Лишь однажды случился крупный скандал, перепугавший нас с Борей (матери в этот момент не было) чуть не до смерти.
Подрались две женщины. Подрались крепко – до крови и рванья волос. Причем больше досталось молодой женщине с грудным младенцем, которого она положила на кровать тети Мани и который ревел как резаный. На шум прибежали не милиционеры, дом которых был рядом, а совсем чужие, прохожие. Они и угомонили дерущихся.
Поздно вечером при свете тусклой лампочки состоялся общий, напряженный разговор. Тут я впервые услышал голос старика. Он сидел в своем углу, говорил глухо, спокойно, без злобы. Потом с какой-то стати назвал мое имя, глянул на меня и широко улыбнулся почти беззубым ртом. Другие говорили запальчиво, досказывая руками то, что не получалось гласом. И я, мало-мальски соображая умишком, постепенно понял, что женщине с грудничком досталось поделом. Все осуждали ее. Она плакала, о чем-то просила, что-то обещала. Но утром собрала свои пожитки, упаковала младенца и ушла. Больше я никогда не видел ее.
Объяснялось все просто, одним словом, которое то и дело срывалось у многих, но которое я не очень-то понимал: воровка. Бранясь, женщины даже показывали на нас с Борькой. Мать потом сказала, что это нас ставили в пример. Но что мы? Мысль о воровстве нам еще и не могла прийти в голову. Маленькие, мы, естественно, не блудили. Понуждаемые голодом, мы искали лишь то, что брошено, а не то, что спрятано. Из чего потом спустя много лет я сделал вывод, что люди в принципе рождаются хорошими. Плохими их делают обстоятельства.
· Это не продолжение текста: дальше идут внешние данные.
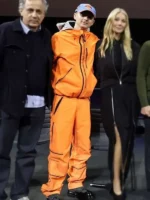 A complete profile shot of the Timothee Chalamet Marty Supreme Orange Tracksuit showing the matching top and bottoms.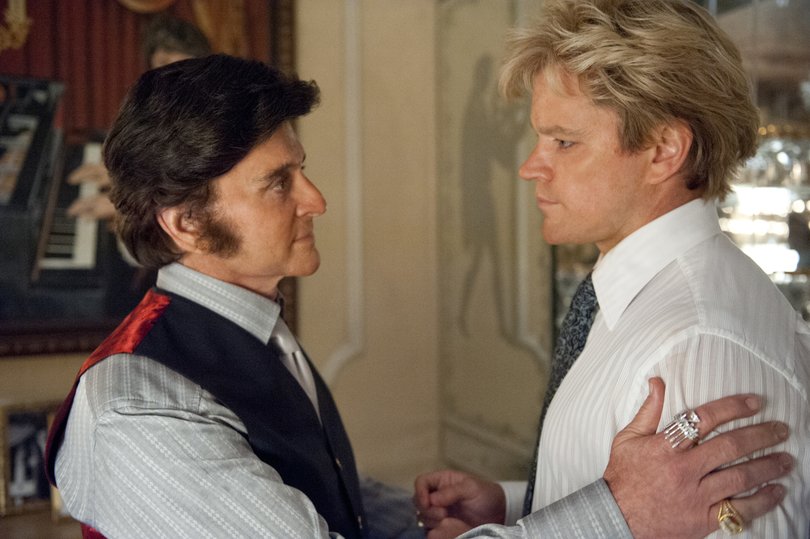 This film image released by HBO shows Michael Douglas, left, as Liberace, and Matt Damon, as Scott Thorson in a scene from "Behind the Candelabra," premiering Sunday at 9 p.m. EDT on HBO. (AP Photo/HBO, Claudette Barius)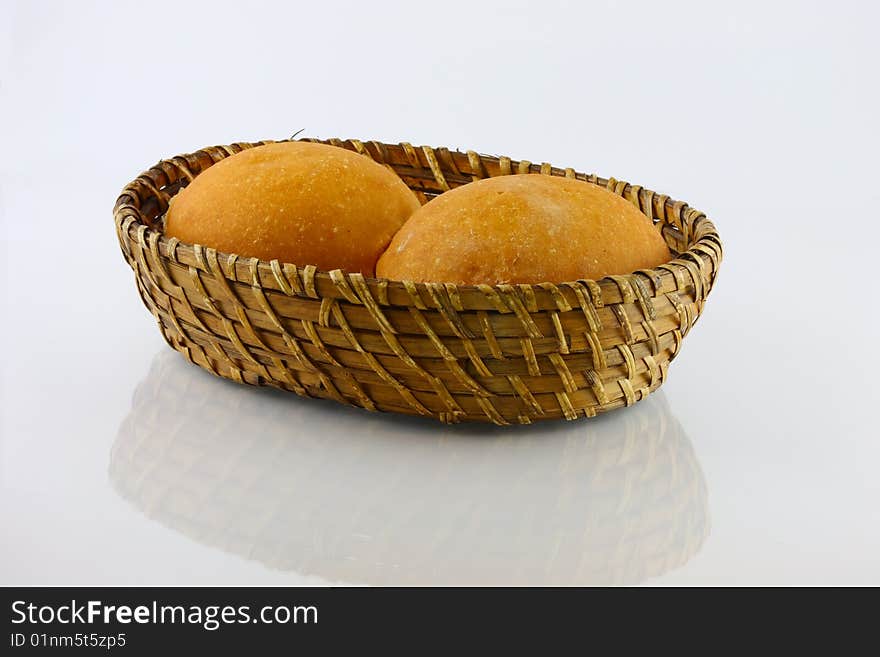 Fresh baked rolls in a basket on white. Fresh baked rolls in a basket on white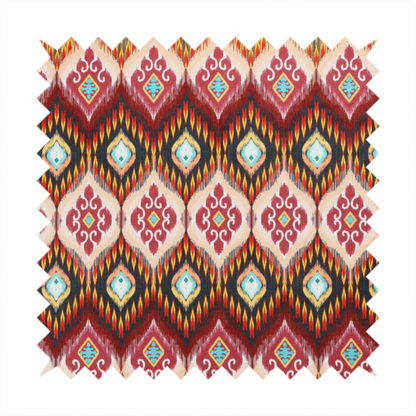 A vibrant, ornate ikat fabric pattern featuring rows of decorative diamond emblems, flame-like borders, and intricate scrollwork motifs in red, black, beige, and turquoise.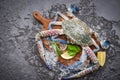 Fresh raw crab with ingredients lemon rosemary and lettuce for making cooked food on ice at market - Seafood frozen , Blue Royalty Free Stock Photo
Из всех жильцов только мы с мамой были местные. Я узнал это от матери на другой день. Именно, когда нас убавилось, у меня и возник вопрос: «А откуда мы все здесь?» Мать ответила: «Мы – погорельцы, а другие – беженцы».
«Погорельцы» – мне было понятно. А вот «беженцы» – никак. Мать долго растолковывала мне, но тщетно. «Бежать» для меня значило одно: бегать, то есть так сучить ногами, чтобы пятками по попе доставалось. А уж какие беженцы могли получиться из тех, кто в углу лежит, передвигается с одышкой или с ребенком мается? Я даже поспорил с матерью, уверяя, что не все могут быть беженцами. Мать посмотрела на меня пытливо, а глаза, надо сказать, у нее были красивые, и ответила:
– Не пойму, Марик, упрямый ты или бестолковый? Видать, в отца пошел!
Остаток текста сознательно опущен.